Olbermann gave O’Reilly his “Worser” award tonight for the comments, which he rehashed in their entirety against Aniston’s (also transcribed for the viewers). The argument was that Aniston calling the fact that older women can now reproduce “amazing” is a dangerous message to American girls who could misinterpret this as meaning that fathers are unnecessary in raising a child. Yes, it’s a pretty silly argument, and fairly easy to debunk on the grounds that, for starters, the type of single parenthood occurring in Aniston’s new movie (where she goes to a sperm bank to pick out a “father” but then– surprise! drunk Jason Bateman hijacks the motherhood attempt) is probably not the type of Teen Mom situation that O’Reilly is warned about. That, however, isn’t the argument route Olbermann took:
“There’s been a lot of amateur psychoanalysis of what O’Reilly is doing this time. If you’ve read Marvin Kitman‘s biography of O’Reilly, it’s pretty simple: Virtually every reference O’Reilly makes to his own father describes how the man hit, slapped, punched him. As Kitman put it simply: ‘O’Reilly has a history of physical abuse with his father. It is actually very sad.'”
To sum up the argument: O’Reilly says telling young women that they can be single parents later in life is detrimental to society. Olbermann says O’Reilly is the victim of child abuse. Talk about bringing a predator drone to a knife fight. (Update: and this isn’t the first time Olbermann brings this up).
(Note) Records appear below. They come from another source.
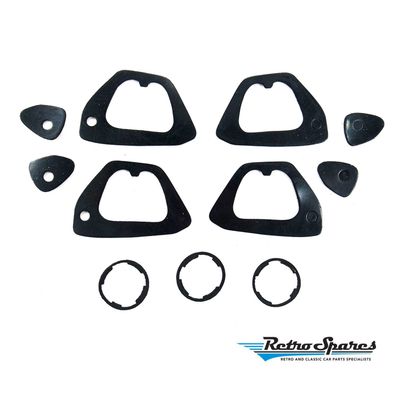 HOLDEN HD-HR-HK-HT-HG SEDAN/WAGON DOOR HANDLE & LOCK GASKET SET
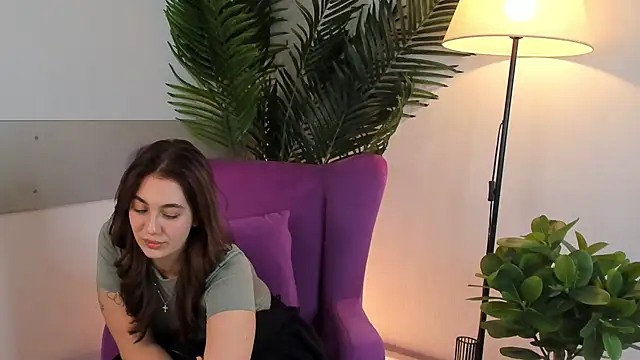 PortiaBellew online show from February 5, 2:48 pm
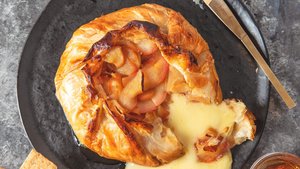 Apples-and-Honey Baked Brie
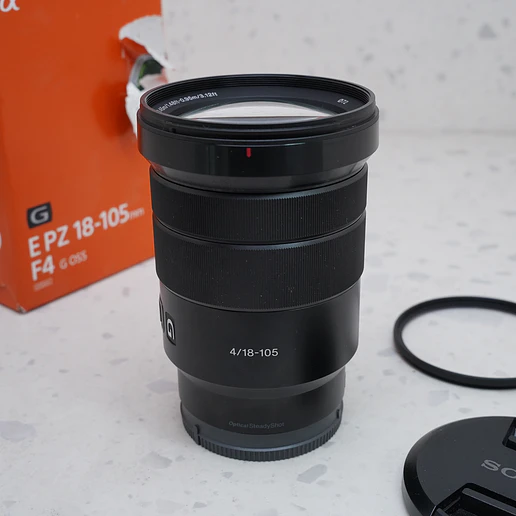 Sony E PZ 18-105mm f/4 G OSS - USADO 2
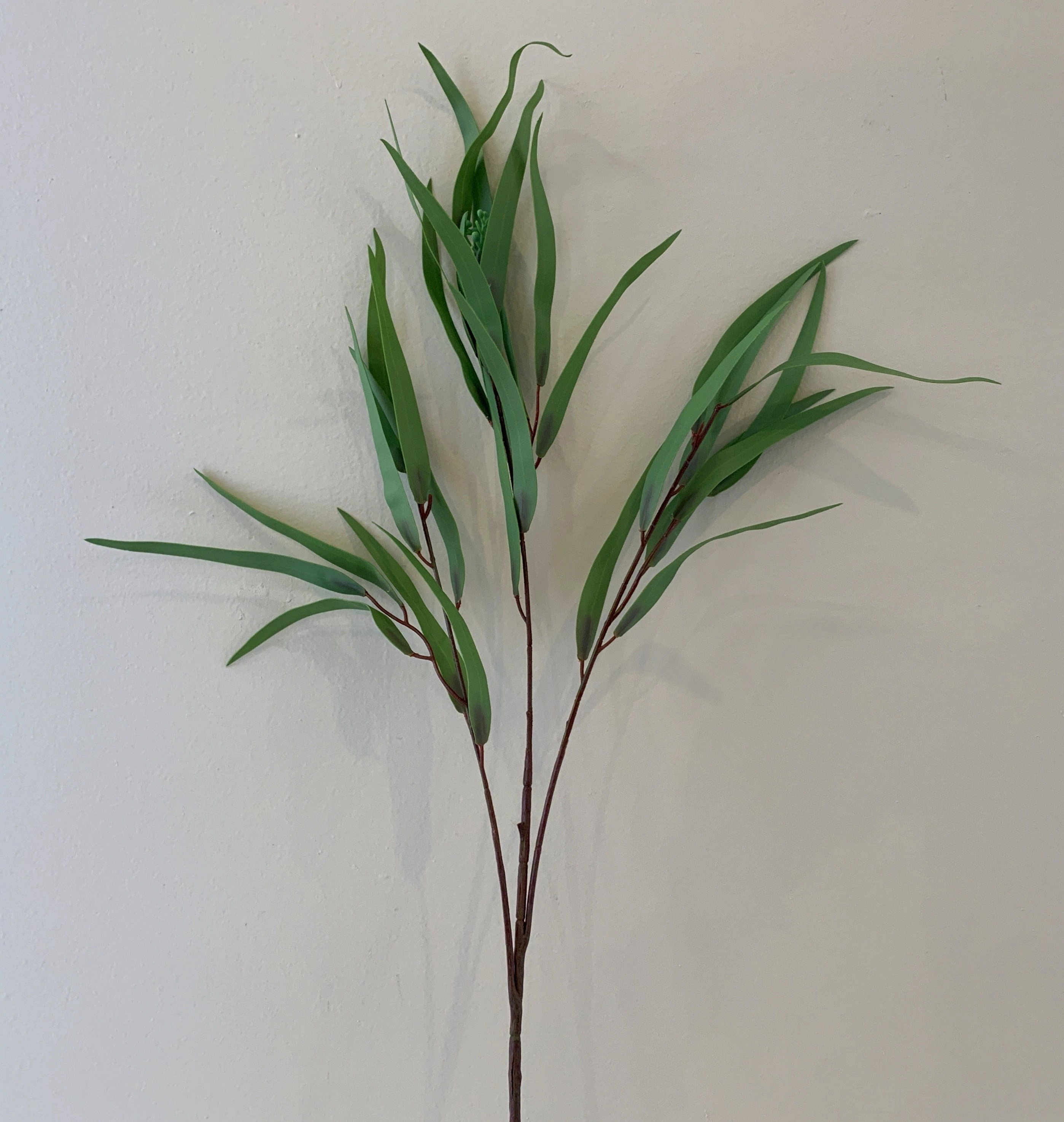 LEA0087 Gum Blossom / Eucalyptus Foliage 73cm Real Touch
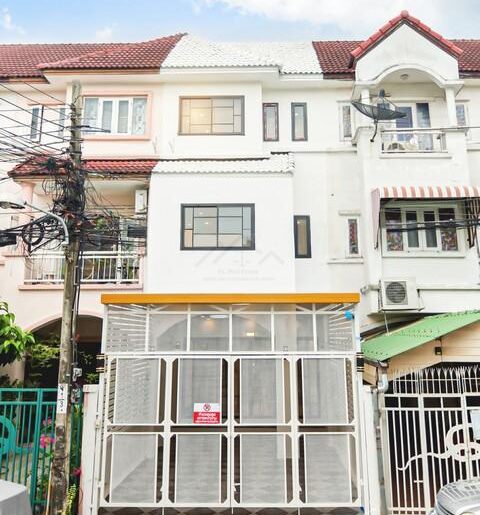 ขายทาวน์โฮม 3 ชั้น 23 ตรว. หมู่บ้าน Private Villa ซอยนวมินทร์ 135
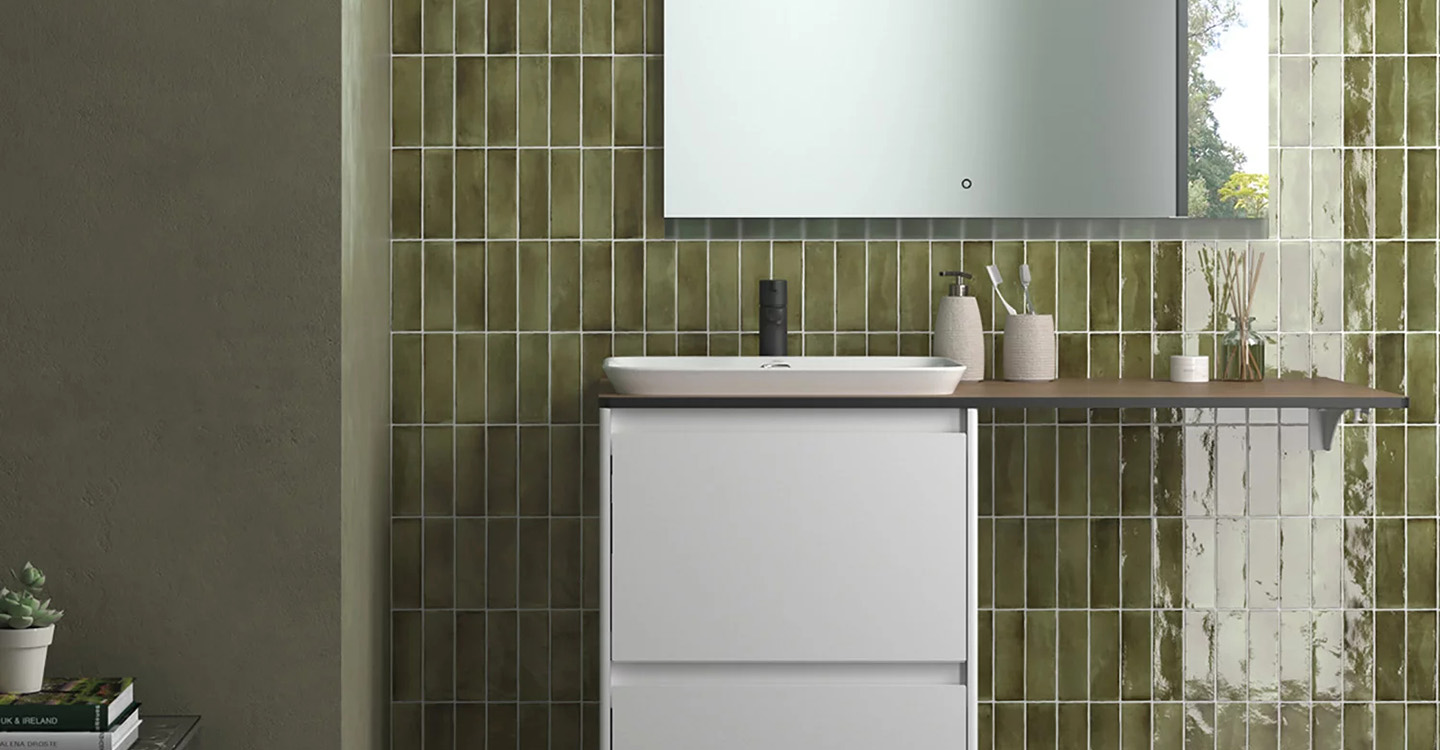 Casey-Colada-Green-Glossy-Swatch-388025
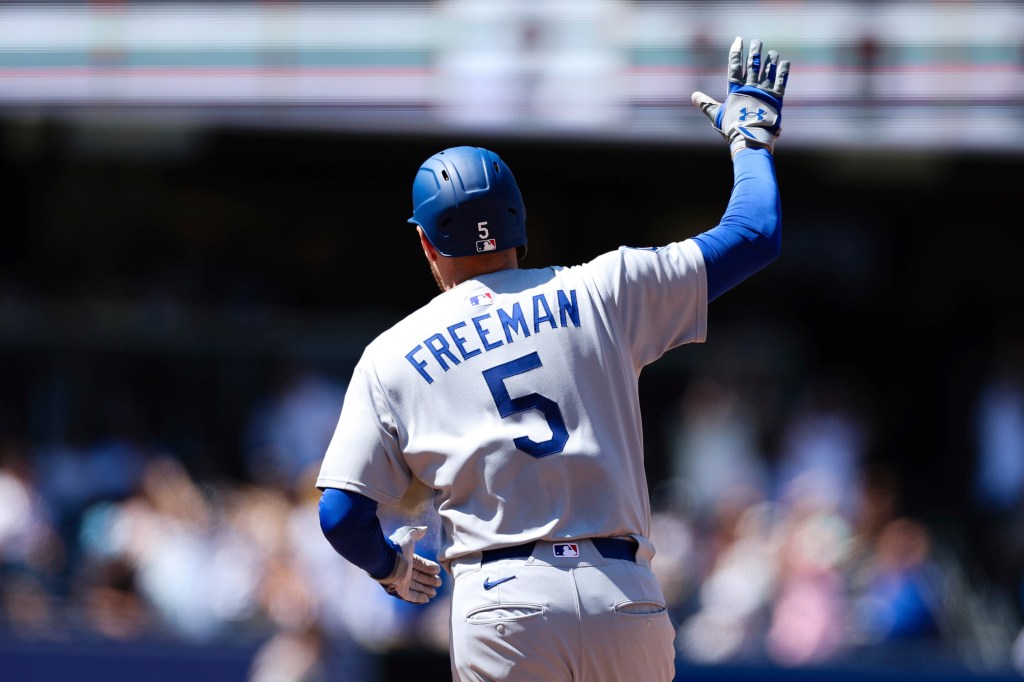 Dodgers wake up offensively in San Diego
Whether or not the allegations made by Olbermann via Kitman’s book are true are beside the point. Child abuse is not a political grenade to toss hastily at people you don’t like. No one’s childhood– especially if said childhood is believed to be traumatic– should be fair game to score political points. It is nearly unavoidable these days that some degree of argument on cable news is ad hominem, if only because people that spend long periods of time on television develop a reputation. This is not ad hominem. This attack has nothing to do with Bill O’Reilly in any professional or personal capacity, and only with speculation on a very serious topic that tosses it to the realm of the frivolous.
Then there’s the touchy subject of fathers in general, and how often Olbermann likes to discuss his own seemingly beautiful relationship with his father. Olbermann’s attack takes nothing away from the positive impact of having a major cable news figure routinely emphasize how important a father is in the development of the child– the world can never have enough of that, and Olbermann’s regular James Thurber segments are stellar programming. That is precisely why he, of all people, should know better than to bring someone else‘s deceased father into play in the cable game. O’Reilly would be ripped to shreds for doing something similar with Olbermann’s father, and rightfully so.